Some physicians pay more for malpractice claims than others

Chicago area residents are generally not aware of the situations that their medical providers have previously gotten into through the care that has been provided to other patients. It is not unheard of for a physician to have to defend themselves for their medical services, but the severities of those claims vary greatly.

In some circumstances, this may constitute grounds on which a medical malpractice lawsuit can be filed and won. A new study shows the costs that physicians incur while defending these suits and who really pays for those costs in the end may be surprising.

Researchers examined approximately 27,000 malpractice claims made between the years of 1995 and 2005. More than 40,000 physicians were involved in these claims, each of them covered by a national liability insurer.

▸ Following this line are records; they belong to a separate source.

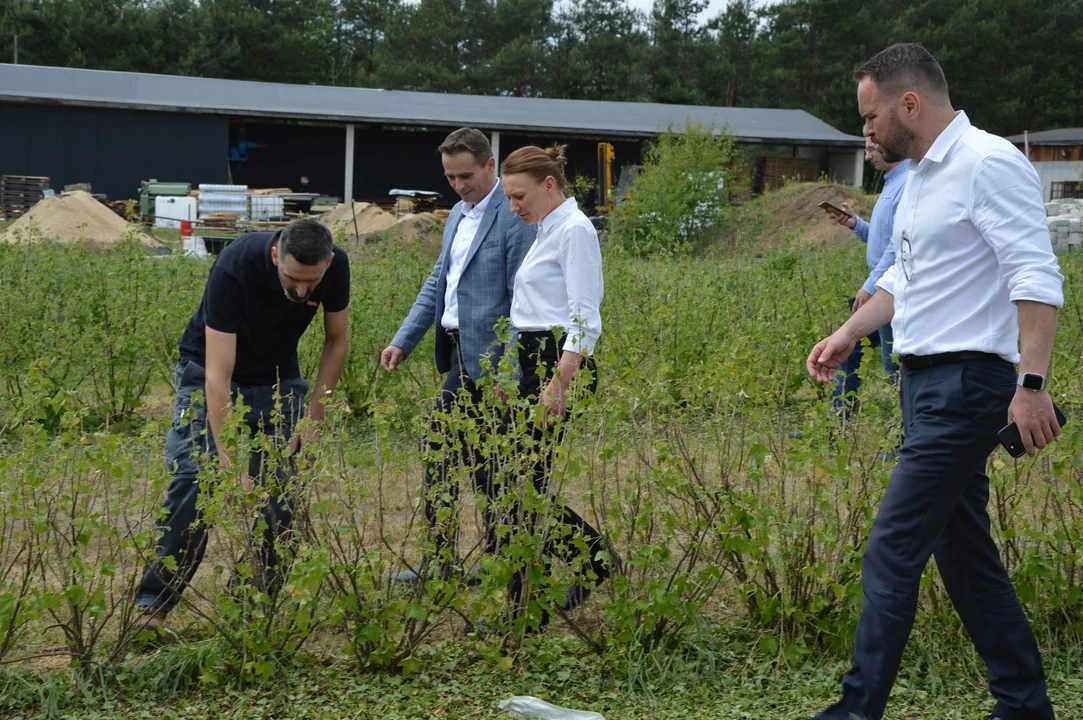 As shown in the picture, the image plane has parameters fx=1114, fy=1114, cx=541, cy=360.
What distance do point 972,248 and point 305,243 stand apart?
6.81 feet

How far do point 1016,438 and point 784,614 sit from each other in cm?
Answer: 113

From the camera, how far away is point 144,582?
3.63 meters

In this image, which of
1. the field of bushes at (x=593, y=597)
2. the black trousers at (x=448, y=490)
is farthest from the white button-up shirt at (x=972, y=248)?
the black trousers at (x=448, y=490)

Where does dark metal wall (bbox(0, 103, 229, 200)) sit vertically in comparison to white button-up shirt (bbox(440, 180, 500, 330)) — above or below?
above

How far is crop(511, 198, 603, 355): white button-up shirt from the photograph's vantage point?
12.5ft

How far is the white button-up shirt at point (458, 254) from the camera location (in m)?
4.30

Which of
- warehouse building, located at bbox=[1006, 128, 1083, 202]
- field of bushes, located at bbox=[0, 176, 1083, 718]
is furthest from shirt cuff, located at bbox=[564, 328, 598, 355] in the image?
warehouse building, located at bbox=[1006, 128, 1083, 202]

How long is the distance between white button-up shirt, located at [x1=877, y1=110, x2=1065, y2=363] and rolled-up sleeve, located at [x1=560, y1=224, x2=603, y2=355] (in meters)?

By examining these cases, researchers discovered that the costs to different types of physicians vary greatly. Cardiologists, for example, had an average cost of $83,000 while defending claims that ended in payment for the plaintiff. This was the highest amongst the types of physicians studied by the researchers. Ophthalmologists, on the other hand, average a cost of $24,000 for paid claims.

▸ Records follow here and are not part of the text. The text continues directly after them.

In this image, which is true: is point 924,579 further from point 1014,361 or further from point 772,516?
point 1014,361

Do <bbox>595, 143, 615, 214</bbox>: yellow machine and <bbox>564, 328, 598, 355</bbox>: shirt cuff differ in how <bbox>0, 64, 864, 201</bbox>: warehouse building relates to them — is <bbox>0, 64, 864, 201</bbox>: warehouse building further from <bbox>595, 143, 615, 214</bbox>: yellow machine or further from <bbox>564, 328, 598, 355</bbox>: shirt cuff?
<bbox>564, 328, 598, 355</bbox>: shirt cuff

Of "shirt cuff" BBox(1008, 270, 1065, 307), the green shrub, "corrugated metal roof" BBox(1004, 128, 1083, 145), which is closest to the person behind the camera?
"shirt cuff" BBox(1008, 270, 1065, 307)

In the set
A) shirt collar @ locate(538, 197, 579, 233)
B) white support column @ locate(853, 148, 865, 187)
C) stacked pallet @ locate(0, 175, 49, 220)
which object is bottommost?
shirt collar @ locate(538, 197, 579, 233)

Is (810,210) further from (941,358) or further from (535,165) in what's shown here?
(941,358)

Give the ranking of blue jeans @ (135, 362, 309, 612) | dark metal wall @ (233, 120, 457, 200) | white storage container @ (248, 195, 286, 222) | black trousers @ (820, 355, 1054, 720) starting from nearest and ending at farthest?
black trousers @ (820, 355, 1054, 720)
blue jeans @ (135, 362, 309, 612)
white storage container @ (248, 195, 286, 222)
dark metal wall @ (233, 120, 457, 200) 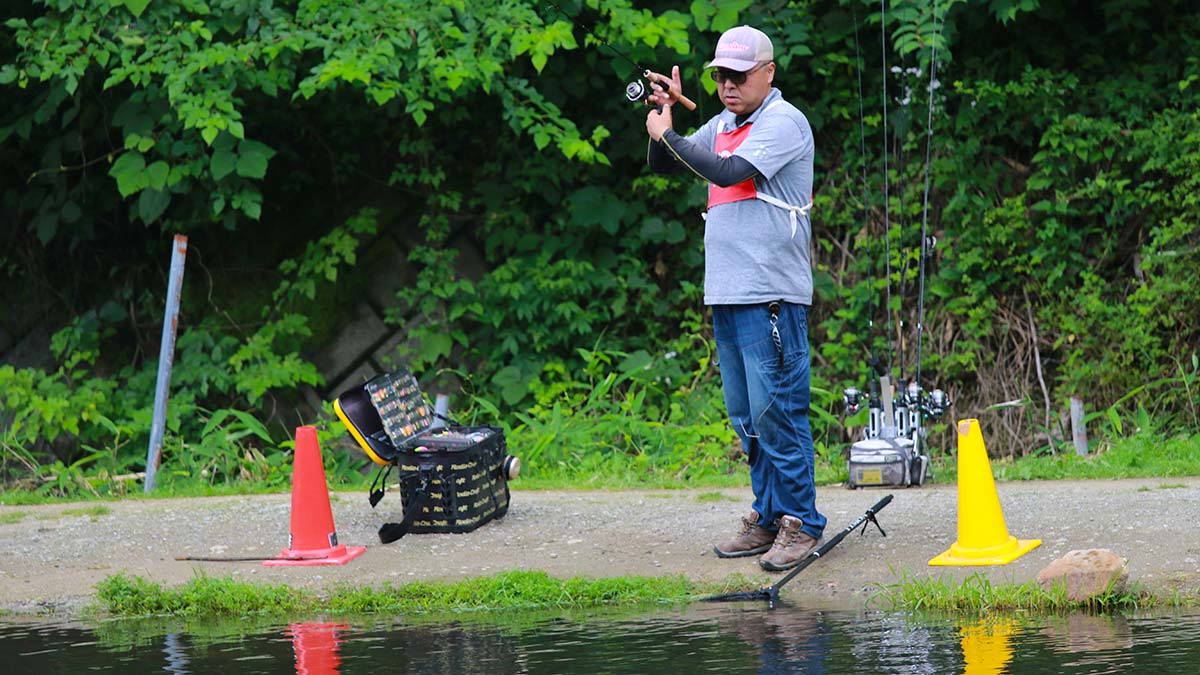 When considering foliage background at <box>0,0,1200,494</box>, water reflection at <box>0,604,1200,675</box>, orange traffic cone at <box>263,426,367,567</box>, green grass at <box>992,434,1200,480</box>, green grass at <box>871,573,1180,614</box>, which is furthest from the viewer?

According to a co-author of the study, these bills are generated largely through research costs, attorney fees, expert witnesses and filing fees. The study indicated that the average cost of a medical malpractice claim to a physician, regardless if it is paid or unpaid, is $23,000. Those that are paid cost more to the physician simply because they take longer to defend, with many of these cases lasting more than two years.

A similar study was conducted by the same researchers in 2011. That year, they used the same data to compare the likelihood of a malpractice claim with the different specialties of physicians. To dig deeper into the data, the group decided to perform this study as well.

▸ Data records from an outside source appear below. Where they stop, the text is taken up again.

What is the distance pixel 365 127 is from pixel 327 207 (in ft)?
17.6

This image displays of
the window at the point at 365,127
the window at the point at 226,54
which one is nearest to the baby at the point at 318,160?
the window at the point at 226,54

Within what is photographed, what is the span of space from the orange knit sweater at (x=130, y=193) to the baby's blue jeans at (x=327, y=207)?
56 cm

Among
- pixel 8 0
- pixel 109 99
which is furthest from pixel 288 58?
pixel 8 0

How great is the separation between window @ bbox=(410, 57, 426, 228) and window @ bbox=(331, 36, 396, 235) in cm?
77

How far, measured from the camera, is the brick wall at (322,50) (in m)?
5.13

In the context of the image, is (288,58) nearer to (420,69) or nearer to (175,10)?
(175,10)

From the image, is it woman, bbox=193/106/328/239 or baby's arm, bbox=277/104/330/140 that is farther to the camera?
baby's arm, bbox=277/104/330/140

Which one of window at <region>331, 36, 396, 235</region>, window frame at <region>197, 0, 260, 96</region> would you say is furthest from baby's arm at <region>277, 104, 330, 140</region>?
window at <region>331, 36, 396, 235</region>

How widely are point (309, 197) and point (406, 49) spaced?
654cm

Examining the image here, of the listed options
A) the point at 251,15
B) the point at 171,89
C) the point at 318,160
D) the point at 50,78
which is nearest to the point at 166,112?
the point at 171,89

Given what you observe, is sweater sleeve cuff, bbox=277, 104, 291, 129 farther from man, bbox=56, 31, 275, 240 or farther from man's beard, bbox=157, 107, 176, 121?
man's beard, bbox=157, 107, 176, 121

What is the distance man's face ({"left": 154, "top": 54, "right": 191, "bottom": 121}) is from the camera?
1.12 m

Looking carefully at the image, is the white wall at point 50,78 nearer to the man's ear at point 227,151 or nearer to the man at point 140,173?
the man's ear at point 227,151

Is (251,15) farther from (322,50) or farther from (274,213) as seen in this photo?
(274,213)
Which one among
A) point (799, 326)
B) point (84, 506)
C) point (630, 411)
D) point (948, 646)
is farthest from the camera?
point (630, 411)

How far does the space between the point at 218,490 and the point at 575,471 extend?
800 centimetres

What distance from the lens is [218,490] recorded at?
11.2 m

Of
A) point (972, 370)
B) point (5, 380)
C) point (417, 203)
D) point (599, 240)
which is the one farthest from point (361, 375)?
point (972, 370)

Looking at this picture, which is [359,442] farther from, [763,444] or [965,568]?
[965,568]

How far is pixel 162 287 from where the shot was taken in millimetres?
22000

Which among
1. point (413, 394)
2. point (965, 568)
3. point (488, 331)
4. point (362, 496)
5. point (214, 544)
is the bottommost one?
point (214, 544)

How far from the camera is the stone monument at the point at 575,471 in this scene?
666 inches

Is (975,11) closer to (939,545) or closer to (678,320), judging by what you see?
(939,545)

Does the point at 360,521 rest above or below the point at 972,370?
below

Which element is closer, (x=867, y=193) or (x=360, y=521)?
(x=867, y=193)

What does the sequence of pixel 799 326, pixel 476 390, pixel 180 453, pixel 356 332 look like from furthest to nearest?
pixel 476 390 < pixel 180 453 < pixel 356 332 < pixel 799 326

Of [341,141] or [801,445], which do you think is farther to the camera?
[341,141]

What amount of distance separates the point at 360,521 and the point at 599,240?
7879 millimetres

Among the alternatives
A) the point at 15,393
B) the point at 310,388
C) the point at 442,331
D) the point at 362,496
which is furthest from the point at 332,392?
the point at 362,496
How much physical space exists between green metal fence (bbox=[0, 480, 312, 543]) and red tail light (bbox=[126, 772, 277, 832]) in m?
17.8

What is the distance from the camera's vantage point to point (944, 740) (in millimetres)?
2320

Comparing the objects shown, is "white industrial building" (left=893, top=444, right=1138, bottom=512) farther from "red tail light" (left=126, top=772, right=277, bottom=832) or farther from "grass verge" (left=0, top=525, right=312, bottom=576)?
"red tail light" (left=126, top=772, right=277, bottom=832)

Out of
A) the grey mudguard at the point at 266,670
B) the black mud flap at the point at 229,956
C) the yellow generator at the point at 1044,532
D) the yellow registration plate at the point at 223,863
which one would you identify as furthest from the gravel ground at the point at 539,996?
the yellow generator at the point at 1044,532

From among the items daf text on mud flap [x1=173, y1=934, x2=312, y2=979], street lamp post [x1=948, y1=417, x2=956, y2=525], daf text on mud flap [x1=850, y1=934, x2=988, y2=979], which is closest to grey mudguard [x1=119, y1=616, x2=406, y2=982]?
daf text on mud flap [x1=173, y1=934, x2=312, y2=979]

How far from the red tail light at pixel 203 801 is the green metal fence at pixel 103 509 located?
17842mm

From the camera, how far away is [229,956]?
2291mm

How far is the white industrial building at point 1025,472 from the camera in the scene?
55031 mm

One of the major questions that this study has created concerns the higher costs to some specialties over others. The researchers believe that the answer is tied to the likelihood that a doctor may diagnose incorrectly, potentially leading to the death of the patient. That is why doctors that specialize in cancer and the heart are at the top of the list.

Even with higher costs, it seems that physicians may win in the end. A co-author of the study wrote that higher malpractice premiums and higher defense costs ultimately lead to higher physician fees, which means that patients are the ones paying for the claims that are brought against these doctors.